Putting new urban villages near recent transit investments (as Alternatives 3 and 4 do) is a good thing. More people should be able to enjoy the benefits of those investments. The problem is only putting new urban villages in those locations. On its own, proximity to recent transit investments (light rail and RapidRide) is a flawed framework because it concentrates growth in those most vulnerable communities while preventing low-density wealthy neighborhoods from ever developing the neighborhood centers that can support walking, biking and transit. So what would be a better framework?
A Not So New Framework for Adding Urban Villages
A better approach would supplement Alternative 4 by ensuring every part of the city is within walking distance of an urban village. Everyone should have a neighborhood business district they can walk to–a dense, mixed-use place with street life, stores, and restaurants. Every part of the city should be within walking distance of low cost housing types like rowhouses and small apartment buildings to foster economic diversity.
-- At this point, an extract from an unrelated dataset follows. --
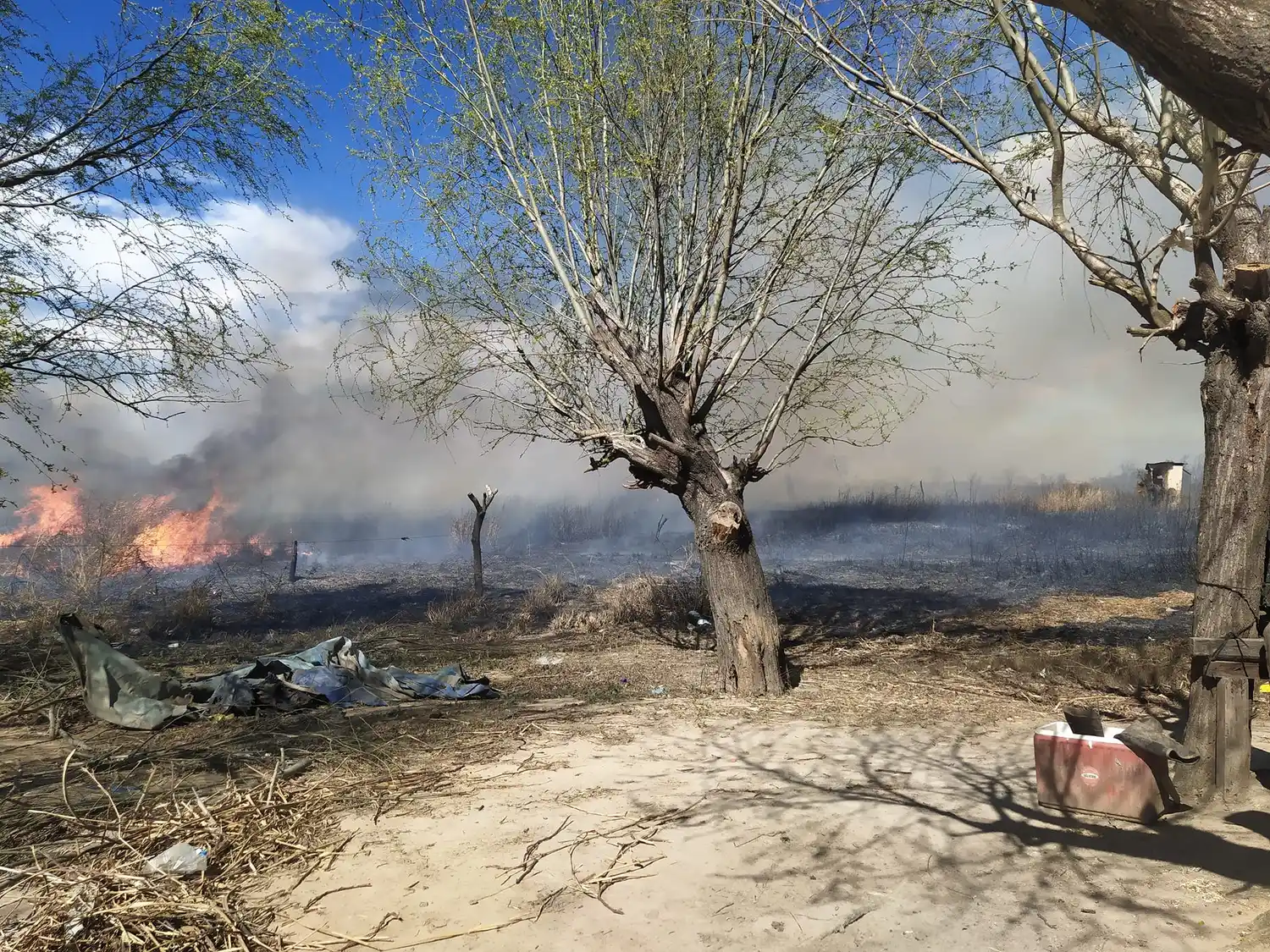 Incendios del Delta: Recomiendan no usar lentes de contacto ante la presencia de humo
Every part of the city should be within walking distance of a neighborhood business district with jobs so at least some people can walk to work. Every part of the city should be within walking distance of a growing neighborhood center that can support great transit service. Adding urban villages in these new areas relieves pressure on the working class urban villages, makes our wealthy neighborhoods more accessible, and provides the environmental benefits of more walkable, transit supportive communities.
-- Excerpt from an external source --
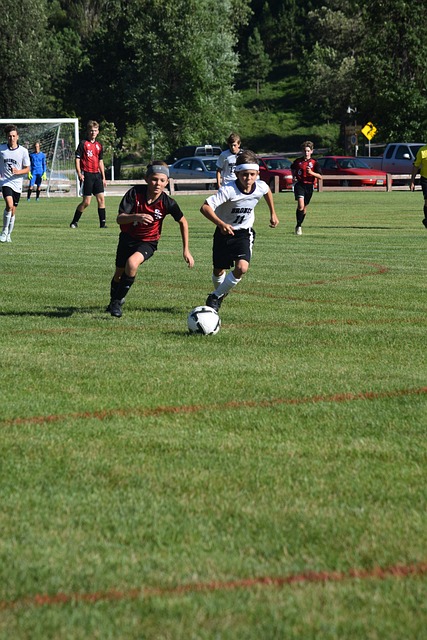 2月的技术 2月的技术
This approach is essentially the Urban Village strategy Seattle created in 1994. Most of the city is within walking distance of an urban village—we just left out a few places. Now let’s add them back in. Welcome to Alternative 5 (trumpets play).
What were the most egregious omissions in 1994? That would be almost all of Northeast Seattle, along with Magnolia and Madison Park. The graphic below shows the ½ mile walksheds—as the crow flies—for the existing urban villages alongside the displacement index map from the City’s equity analysis. These three areas circled in orange—Northeast Seattle, Magnolia, and Madison Park—pop out on both maps as being outside the urban village walksheds and having very low displacement risk.
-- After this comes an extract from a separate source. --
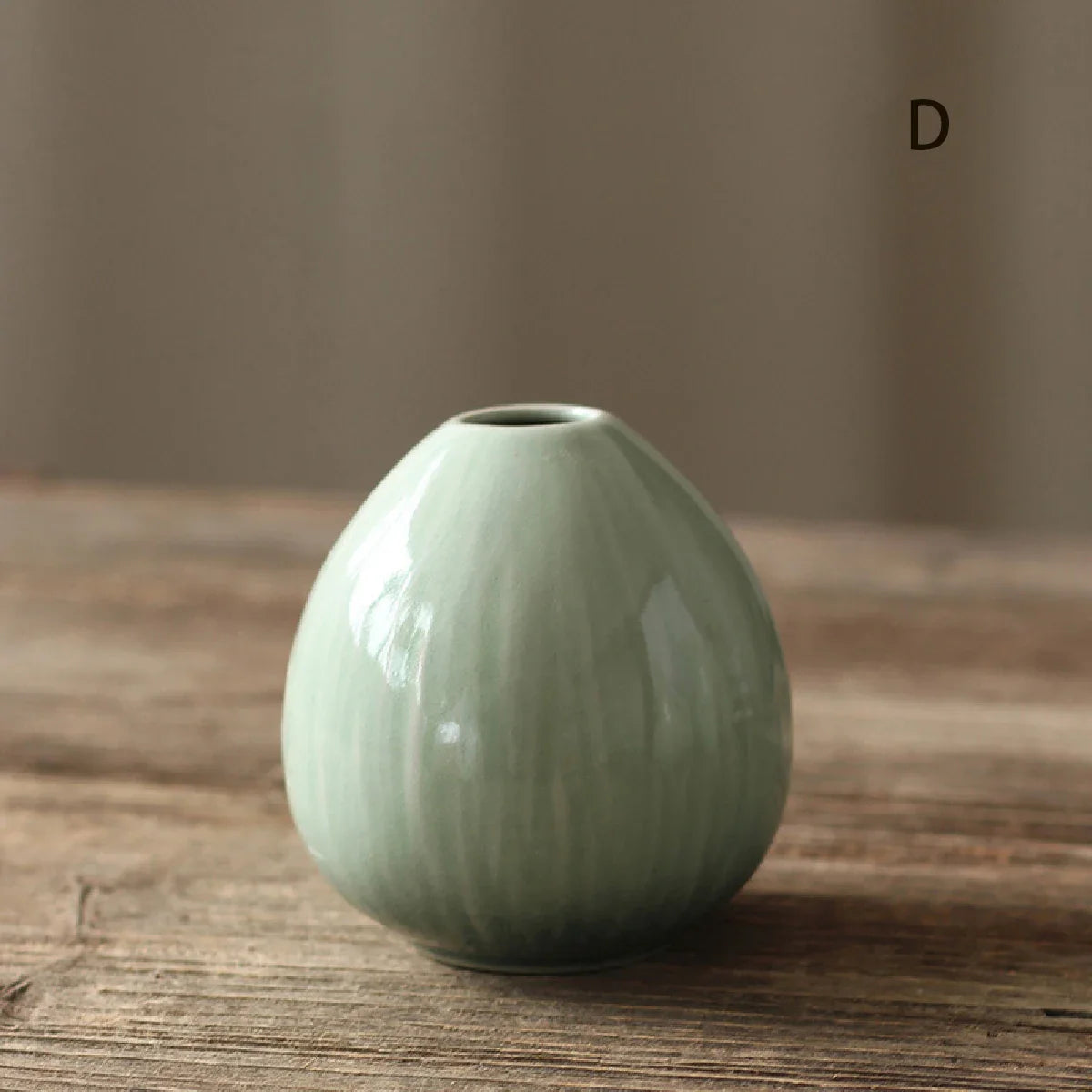 Simple Ceramic Porcelain Vase for Hydroponic Plants — Minimalist Small Vase for Living Room & Dining Table Decor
There are a few other areas in red on the periphery of the city (and Delridge), but these three areas stand out for their size and proximity to downtown. Magnolia and Madison Park would appear larger on a more precise walkshed map because they are separated from the nearest urban villages by steep hills, bodies of water, train tracks (for Magnolia), and gated communities (for Madison Park). All three areas are significantly wealthier and whiter than the city as a whole and generally have less diversity in housing types (except Madison Park) as shown in the table below.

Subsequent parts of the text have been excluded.